Home > Vertigo > Lucifer #46

Lucifer #46

January 18, 2004

Quick Rating: Fair
Title: The Weaving (Stitchglass Slide Part I)

A young boy meets a creature that takes emotions and weaves remarkable things.

Writer: Mike Carey
Art: Peter Gross & Ryan Kelly
Colors: Daniel Vozzo
Letters: Jared Fletcher
Editor: Shelly Bond
Cover Art: Christopher Moeller
Publisher: DC Comics/Vertigo

While this is billed as the first issue of a new storyline, it’s still a book that could be somewhat daunting to new readers. The only word to describe this comic book is “bizarre,” but (public servant that I am), I did my best to decipher it. What I think I got was this: Lucifer, at some point in the previous 45 issues, created a new world of his own. In this world is a creature named Thole, who can take emotions and spin them into glass, weaving magnificent constructs that have a mystifying effect on those who come into contact with them based on whatever emotions they are built from. Thole’s purpose, as is the life-cycles of the Spinners, is to attract a mate with his weaving. When he has refuse emotions, things he does not need and cannot use, he discards them into a “slophole” into our own universe, which happens to lead to the attic of a very unhappy little boy in a very unhappy family.

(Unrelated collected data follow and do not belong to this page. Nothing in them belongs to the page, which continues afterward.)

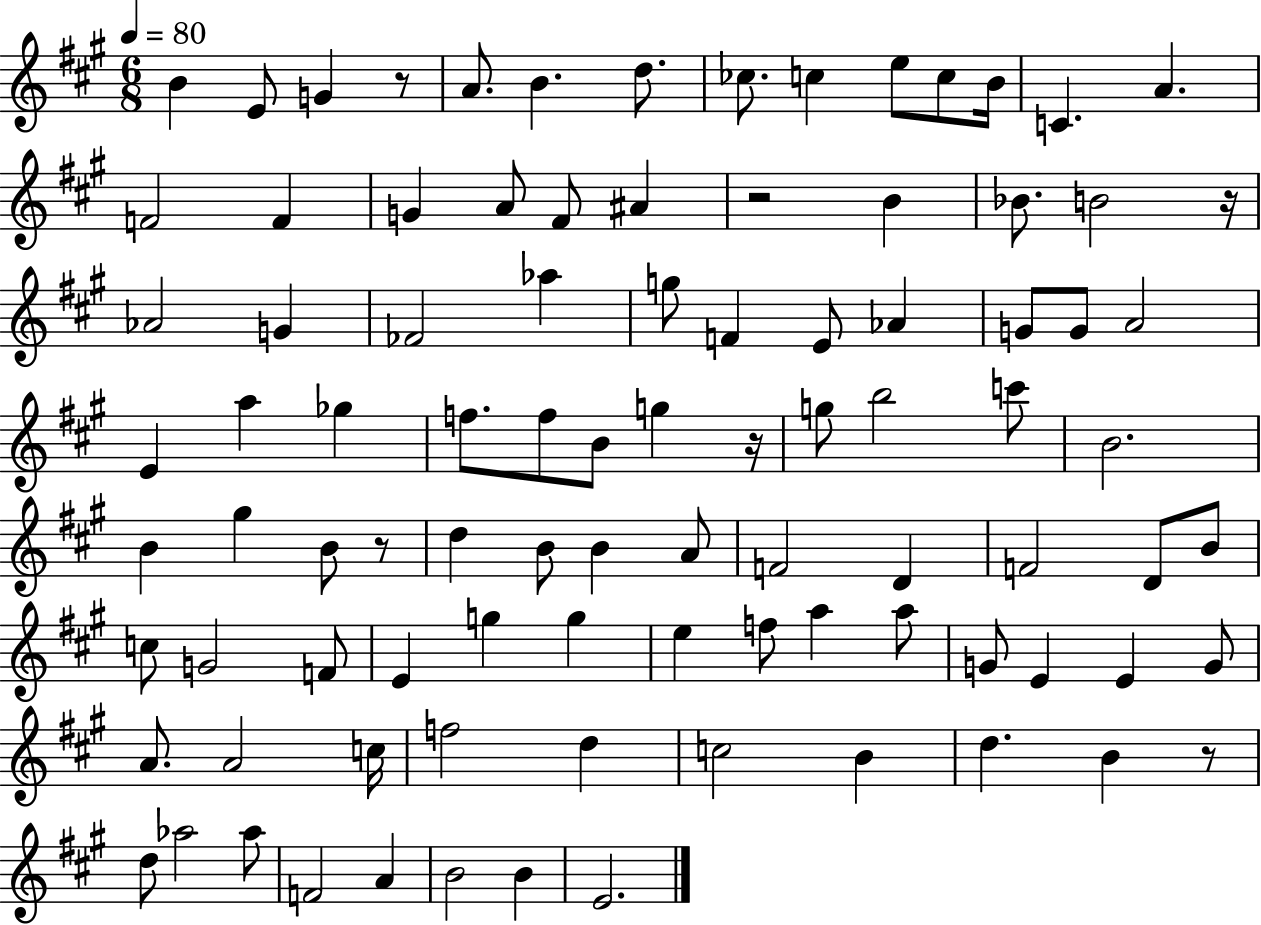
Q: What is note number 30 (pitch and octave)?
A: Ab4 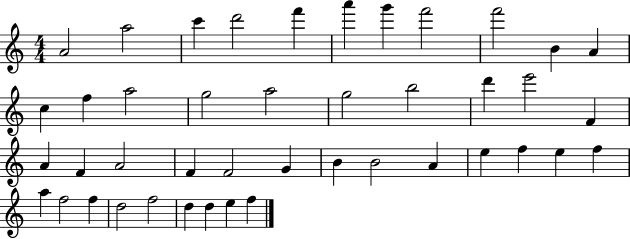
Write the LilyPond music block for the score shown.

{
  \clef treble
  \numericTimeSignature
  \time 4/4
  \key c \major
  a'2 a''2 | c'''4 d'''2 f'''4 | a'''4 g'''4 f'''2 | f'''2 b'4 a'4 | \break c''4 f''4 a''2 | g''2 a''2 | g''2 b''2 | d'''4 e'''2 f'4 | \break a'4 f'4 a'2 | f'4 f'2 g'4 | b'4 b'2 a'4 | e''4 f''4 e''4 f''4 | \break a''4 f''2 f''4 | d''2 f''2 | d''4 d''4 e''4 f''4 | \bar "|."
} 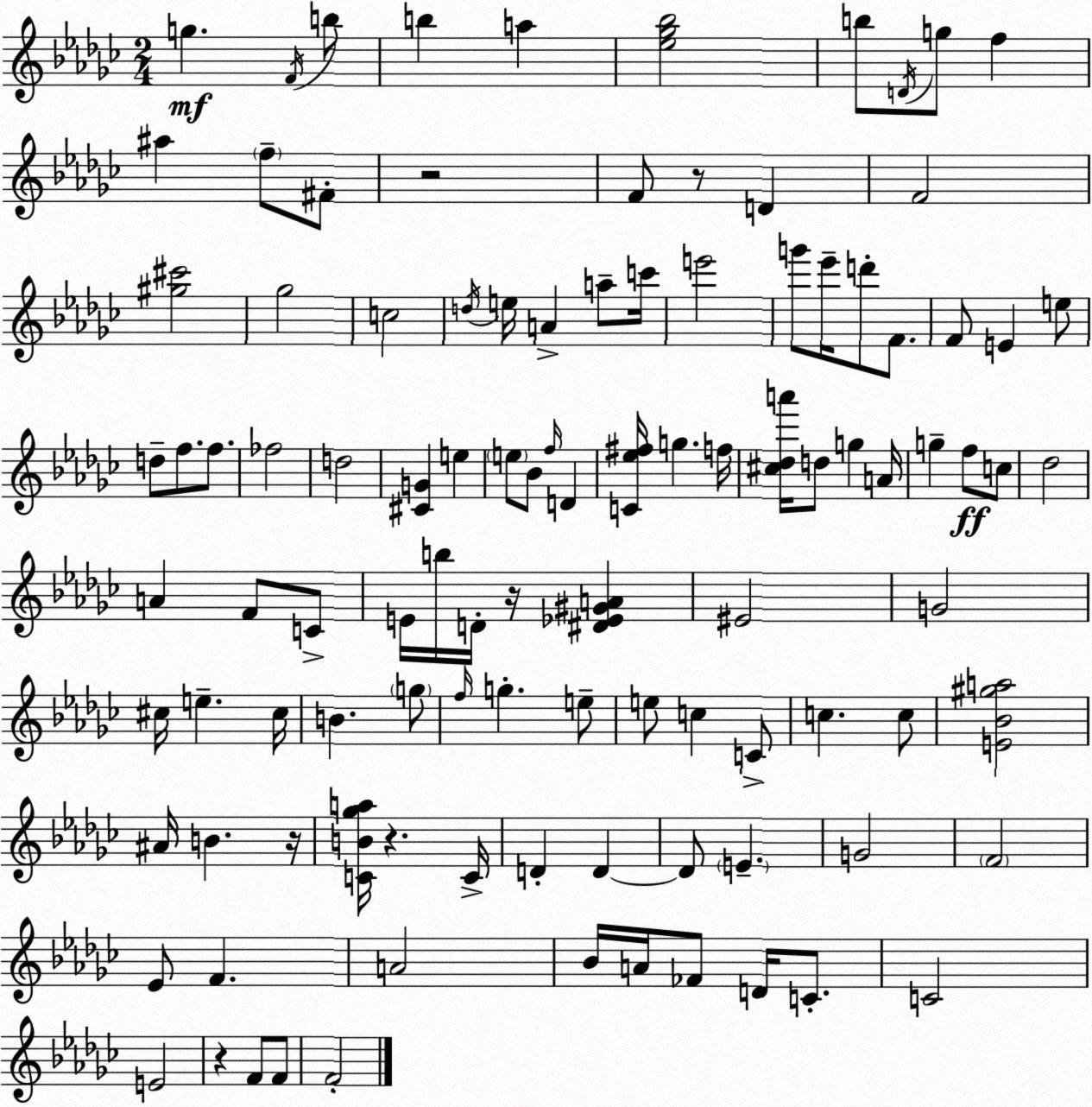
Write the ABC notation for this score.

X:1
T:Untitled
M:2/4
L:1/4
K:Ebm
g F/4 b/2 b a [_e_g_b]2 b/2 D/4 g/2 f ^a f/2 ^F/2 z2 F/2 z/2 D F2 [^g^c']2 _g2 c2 d/4 e/4 A a/2 c'/4 e'2 g'/2 _e'/4 d'/2 F/2 F/2 E e/2 d/2 f/2 f/2 _f2 d2 [^CG] e e/2 _B/2 f/4 D [C_e^f]/4 g f/4 [^c_da']/4 d/2 g A/4 g f/2 c/2 _d2 A F/2 C/2 E/4 b/4 D/4 z/4 [^D_E^GA] ^E2 G2 ^c/4 e ^c/4 B g/2 f/4 g e/2 e/2 c C/2 c c/2 [E_B^ga]2 ^A/4 B z/4 [CB_ga]/4 z C/4 D D D/2 E G2 F2 _E/2 F A2 _B/4 A/4 _F/2 D/4 C/2 C2 E2 z F/2 F/2 F2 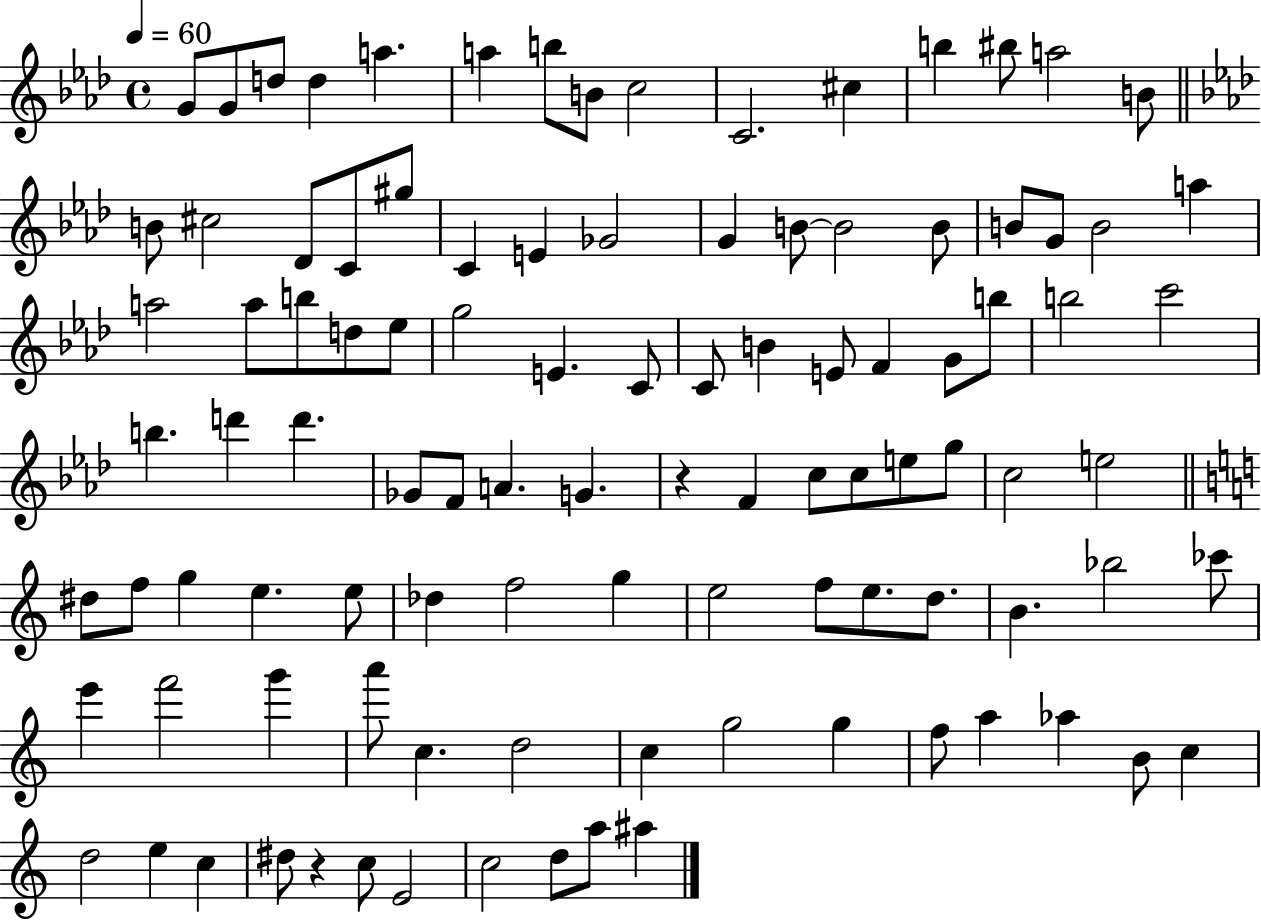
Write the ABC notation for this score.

X:1
T:Untitled
M:4/4
L:1/4
K:Ab
G/2 G/2 d/2 d a a b/2 B/2 c2 C2 ^c b ^b/2 a2 B/2 B/2 ^c2 _D/2 C/2 ^g/2 C E _G2 G B/2 B2 B/2 B/2 G/2 B2 a a2 a/2 b/2 d/2 _e/2 g2 E C/2 C/2 B E/2 F G/2 b/2 b2 c'2 b d' d' _G/2 F/2 A G z F c/2 c/2 e/2 g/2 c2 e2 ^d/2 f/2 g e e/2 _d f2 g e2 f/2 e/2 d/2 B _b2 _c'/2 e' f'2 g' a'/2 c d2 c g2 g f/2 a _a B/2 c d2 e c ^d/2 z c/2 E2 c2 d/2 a/2 ^a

The boy befriends Thole, and were it not for the ominous prologue of this issue one would suspect the title of heading to a classic children’s book formula where a child is whisked away to a magical land, meets strange and fascinating creatures, and has marvelous adventures before being returned home. This is a Vertigo book, though. This is a book named after Lucifer, of all people. It’s hard to imagine a happy ending.

This is a perplexing book, especially since the title character is reduced to what appears to be a subplot in this issue. People picking up this issue looking for the fallen angel will wonder why on Earth this book has his name on it – he’s barely there. For those panels he is there, he is endeavoring to eliminate immortals from his realm… does this apply to Thole? What do the two stories have to do with one another? No answers here – but then, this is just the first issue in the story.

Gross and Kelly do a wonderful job on the artwork in this issue. Thole’s world has a very fanciful, classical feel to it, and his weavings look like the works of magic they really are.

This is a fascinating story. The weak part is that Thole, thus far, is a much more fascinating character than Lucifer himself. Fortunately, there’s still time to turn that around.